Indeks Big Maca jest nieformalnym wskaźnikiem opracowanym przez brytyjski tygodnik The Economist, wprowadzonym przez nich w połowie lat 80. zeszłego wieku. Indeks sprawdza w praktyce odchylenia od tzw. prawa jednej ceny, które zakłada, że dane dobro w każdym z krajów kosztuje tyle samo. W rzeczywistości jednak różnice pomiędzy cenami tego samego dobra występują i wynikają na przykład z różnic w zapotrzebowaniu na to konkretne dobro.

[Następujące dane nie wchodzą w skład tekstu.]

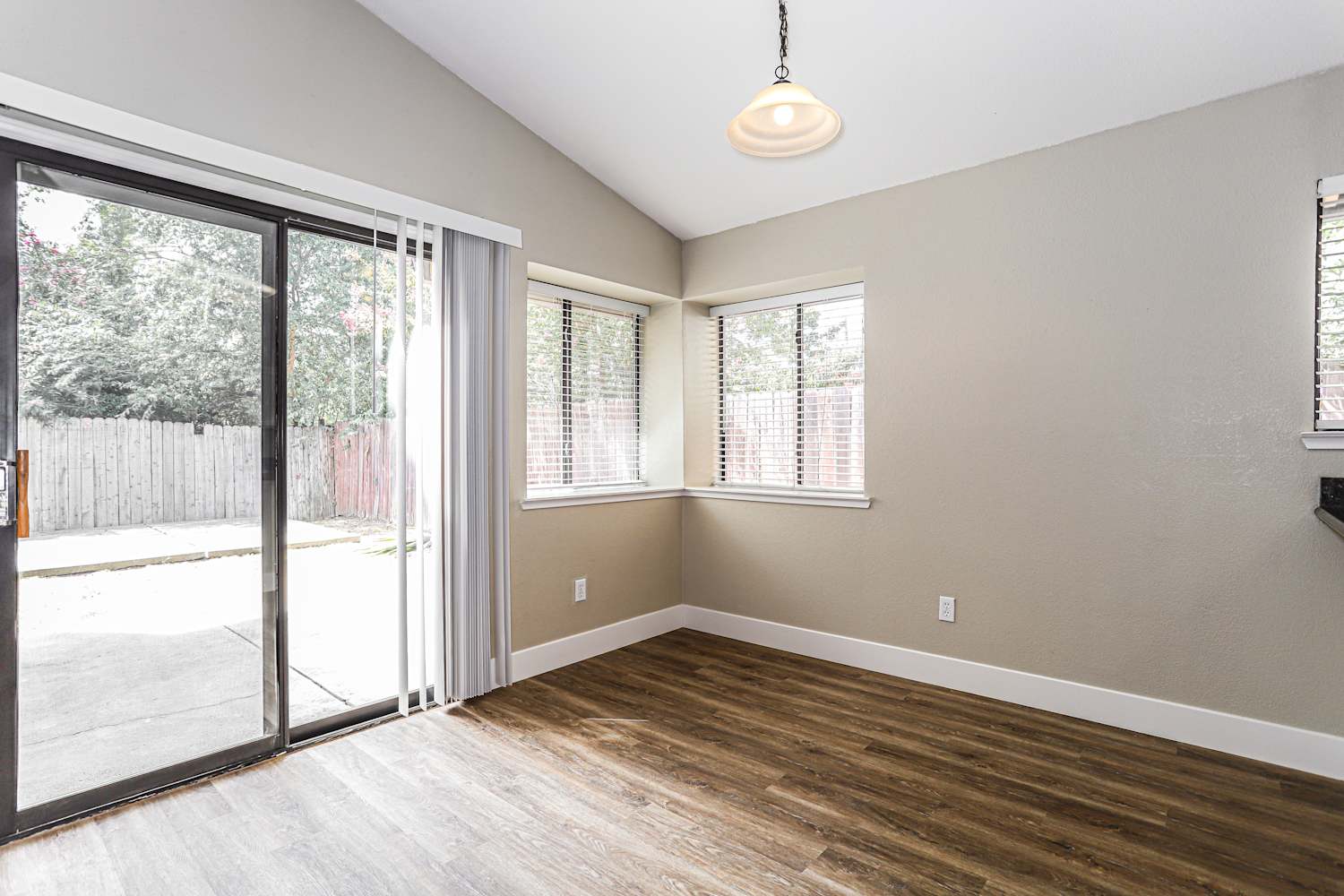 3462 Lowther Way, Antelope photo 6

Parytet siły nabywczej nie jest na ogół obliczany przy użyciu ceny jedynie jednego dobra, ale wyjątkiem od tej reguły jest właśnie wskaźnik Big Maca, który tygodnik The Economist przedstawia systematycznie na swoich łamach. Przeliczanie z walut lokalnych odbywa się po bieżącym kursie, dlatego różnica cen wskazuje, o ile kurs danej waluty wobec dolara amerykańskiego odbiega od tego oszacowanego za pomocą metody ceny jednego dobra.
Od czasu ostatniej publikacji indeksu w lipcu zeszłego roku tanie waluty zmniejszyły lukę w wycenie w stosunku do dolara - prawie całkowicie w przypadku dolara kanadyjskiego i brazylijskiego reala oraz zauważalnie w przypadku korony duńskiej i euro. Jedyną walutą, dla której luka się zwiększyła, jest turecka lira.

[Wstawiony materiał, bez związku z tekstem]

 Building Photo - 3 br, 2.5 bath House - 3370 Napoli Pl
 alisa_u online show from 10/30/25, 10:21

Średni koszt Big Maca na początku roku wynosił w USA 5,28 dolarów. Dla porównania w strefie euro (ważony przez PKB) wynosił on 3,95 EUR, czyli 4,84 USD po aktualnym kursie wymiany. Oznacza to, że euro jest niedowartościowane o 8,4 proc. w stosunku do dolara, naszego benchmarku. Ostatnim razem niedowartościowanie wynosiło aż 16 proc. Euro aprecjonowało po tym, jak Mario Draghi, szef Europejskiego Banku Centralnego, zasugerował na konferencji w Sintrze w Portugalii, że zakupy obligacji przez bank mogą wkrótce zostać ograniczone.

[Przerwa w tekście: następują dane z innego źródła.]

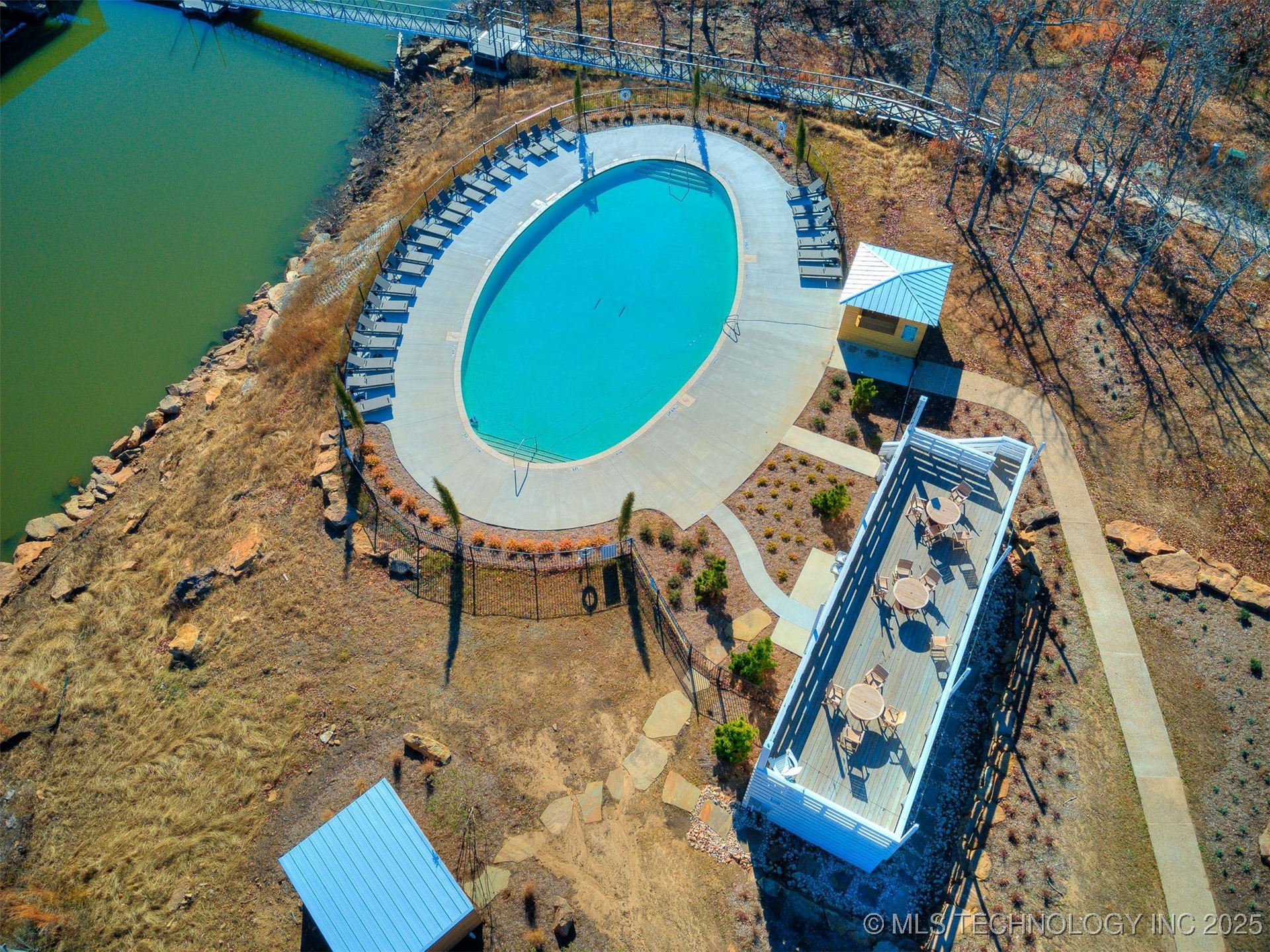 45 Center Lane S Property Photo 35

Zmierzony w stosunku do koszyka walut, dolar nadal wygląda drogo. Tylko w trzech krajach (Szwajcaria, Norwegia i Szwecja) hamburgery kosztują więcej, w oparciu o bieżące kursy wymiany. Niekoniecznie jest to oznaką, że w tych krajach deprecjacja jest opóźniona. Koszt burgera zależy częściowo od tzw. niehandlowych czynników produkcji, takich jak czynsz i płace, które są wyższe w krajach bogatych na obrzeżach strefy euro. Cena posiłku może więc nie być dobrym wskaźnikiem, jak konkurencyjny jest dany kraj na rynkach dóbr zbywalnych. Dla przykładu waluty szwajcarska i norweska wyglądają na drogie, ale oba kraje notują duże nadwyżki handlowe.